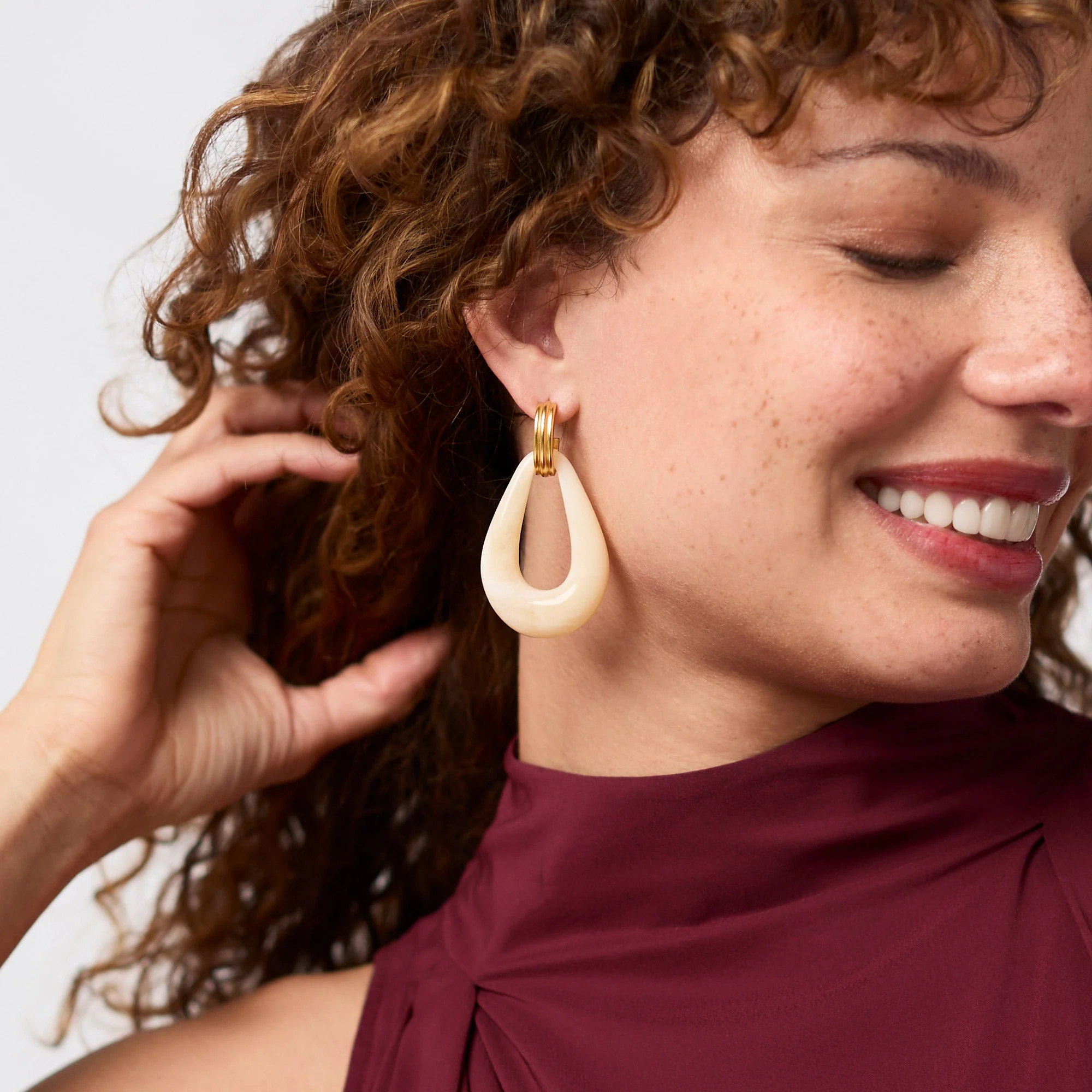 Carnaby Doorknocker Earring - Image 4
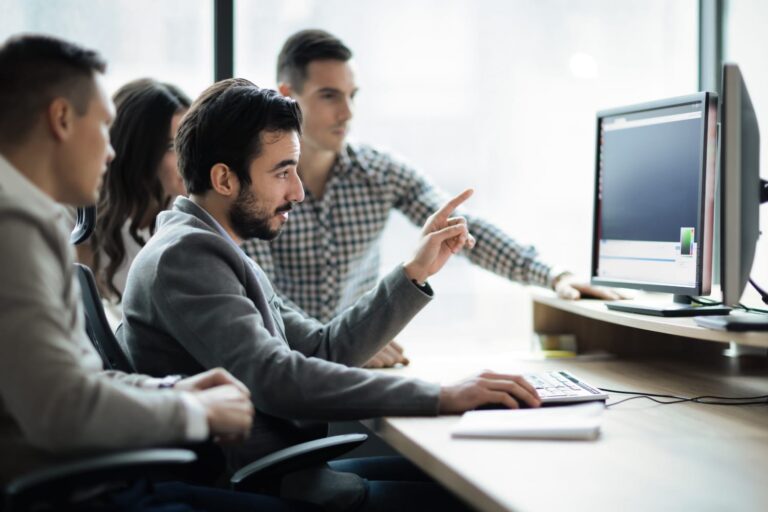 Caddis Control Flexible: Ofrece control de la información mediante roles de usuario personalizables para diferentes perfiles (gestión, administración, supervisión, ventas).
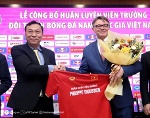 HLV Philippe Troussier chính thức nhận nhiệm vụ với bóng đá Việt Nam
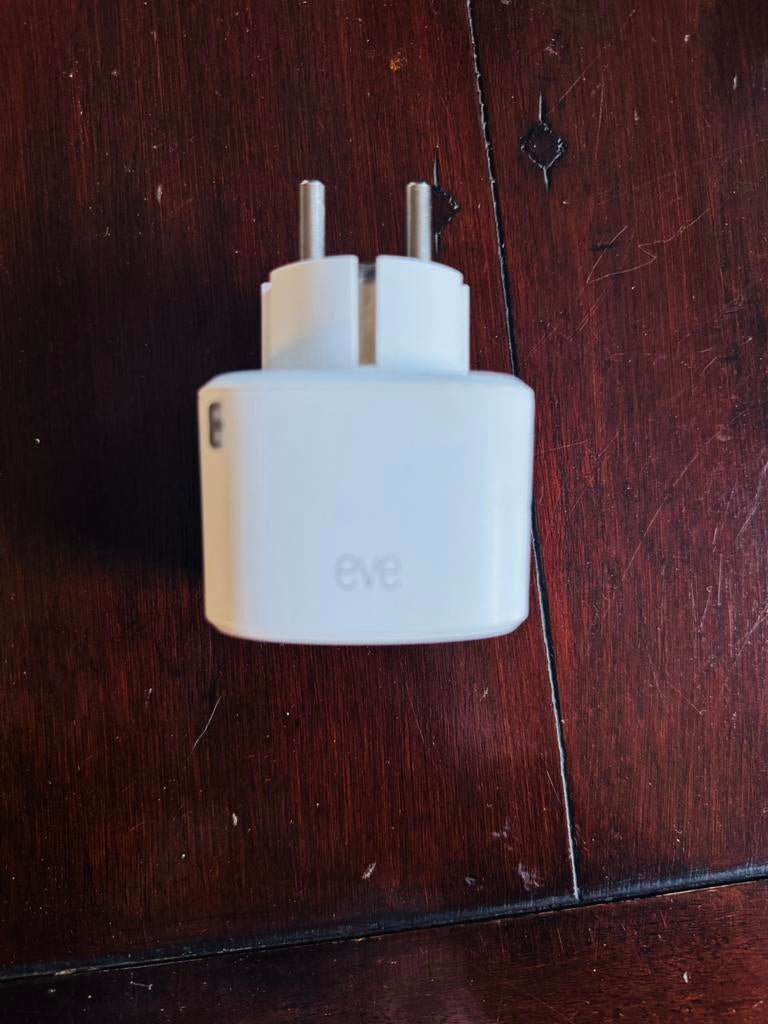 Eve smart plug energy met verbruiksmeter, Ophalen of Verzenden, Zo goed als nieuw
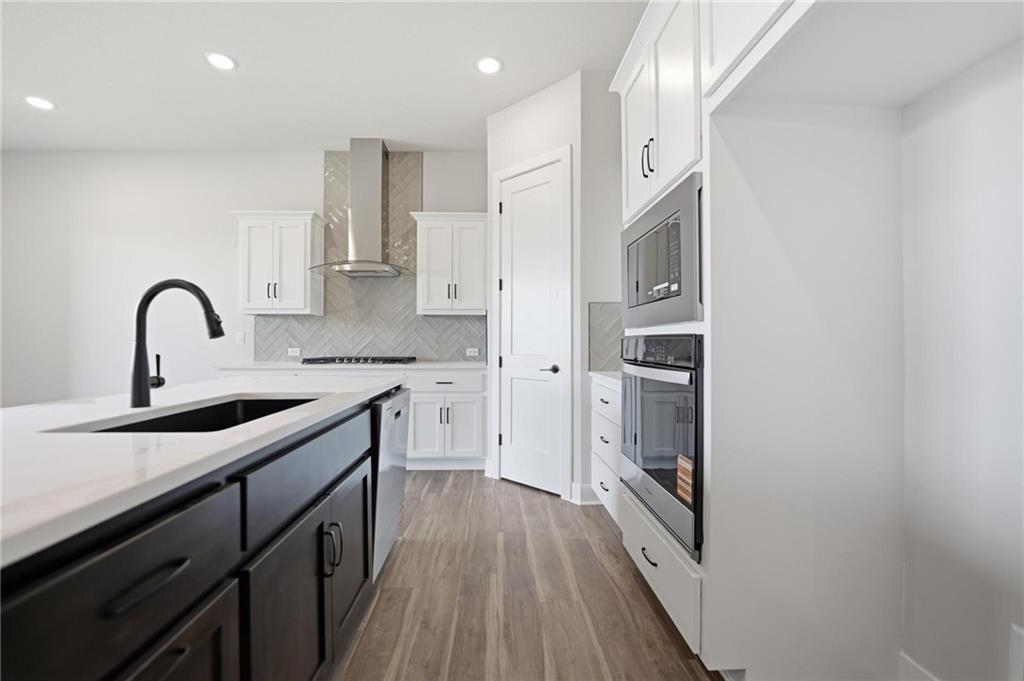 Listing Photo MLS #HMS2639404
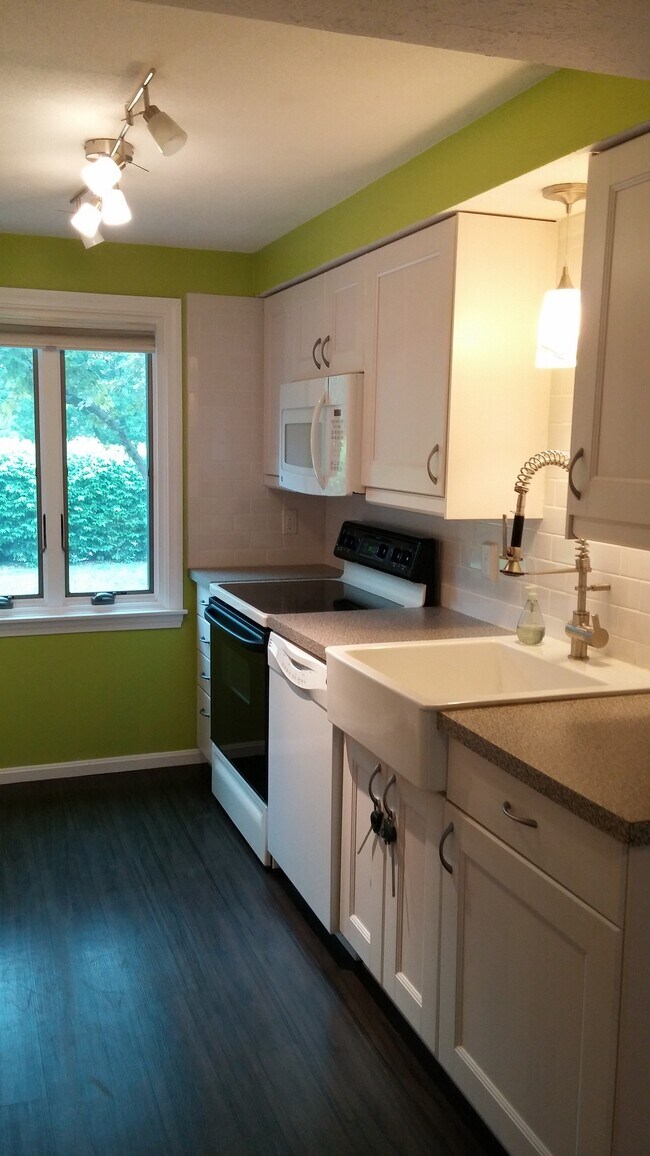 Building Photo - 32 Webster Ct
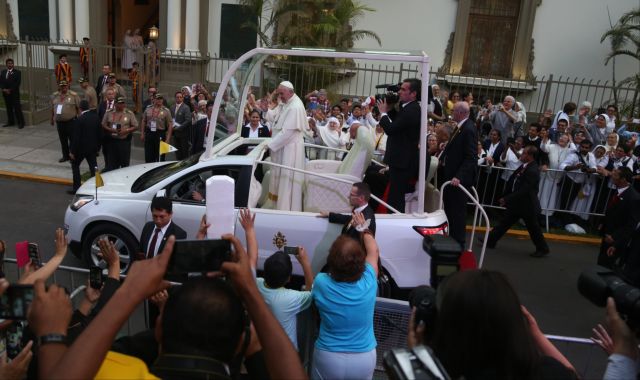 Ο Πάπας έφτασε στο Περού και ο πρόεδρος του ζήτησε βοήθειά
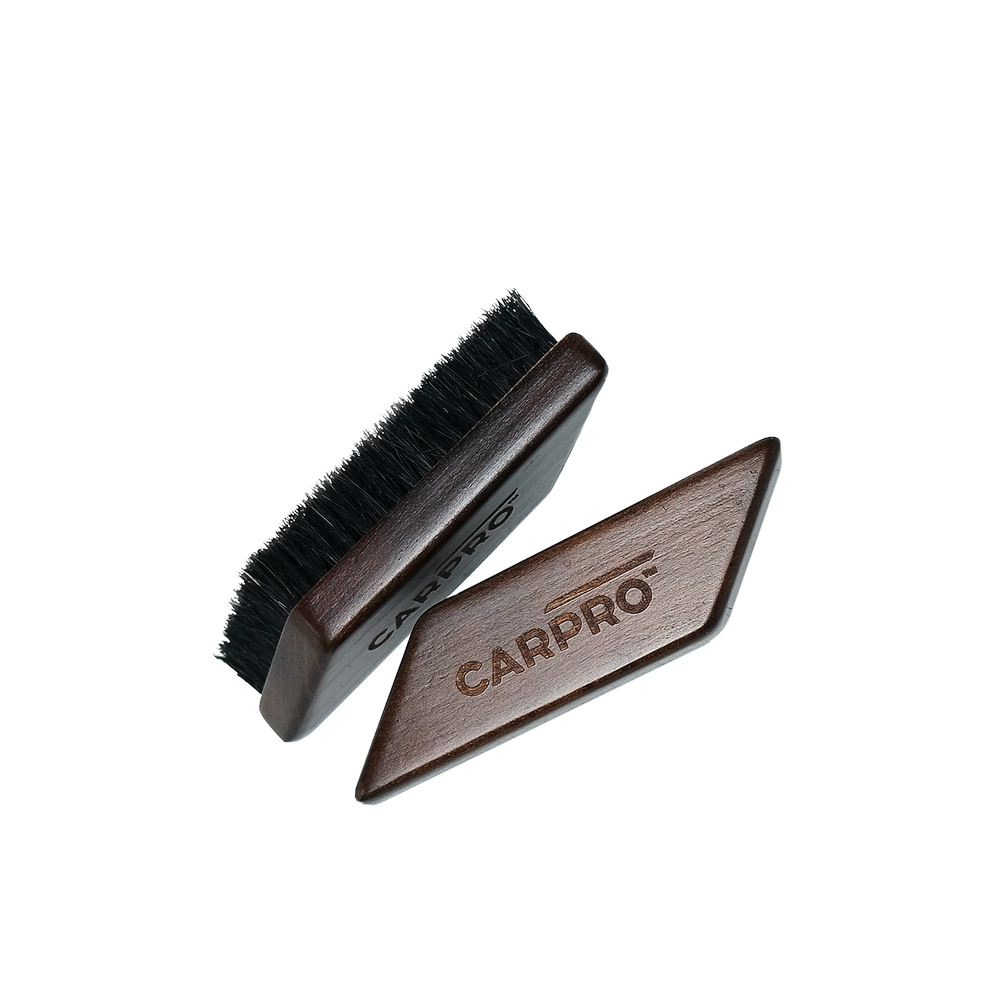 CarPro Leather and Fabric Brush - Cepillo para cuero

....

• [PROBLEM STATEMENT] The pictures in the entries should be left out; output everything else exactly.

• [REPLY TO THE TASK]
 Carnaby Doorknocker Earring - Image 4
 Caddis Control Flexible: Ofrece control de la información mediante roles de usuario personalizables para diferentes perfiles (gestión, administración, supervisión, ventas).
 HLV Philippe Troussier chính thức nhận nhiệm vụ với bóng đá Việt Nam
 Eve smart plug energy met verbruiksmeter, Ophalen of Verzenden, Zo goed als nieuw
 Listing Photo MLS #HMS2639404
 Building Photo - 32 Webster Ct
 Ο Πάπας έφτασε στο Περού και ο πρόεδρος του ζήτησε βοήθειά
 CarPro Leather and Fabric Brush - Cepillo para cuero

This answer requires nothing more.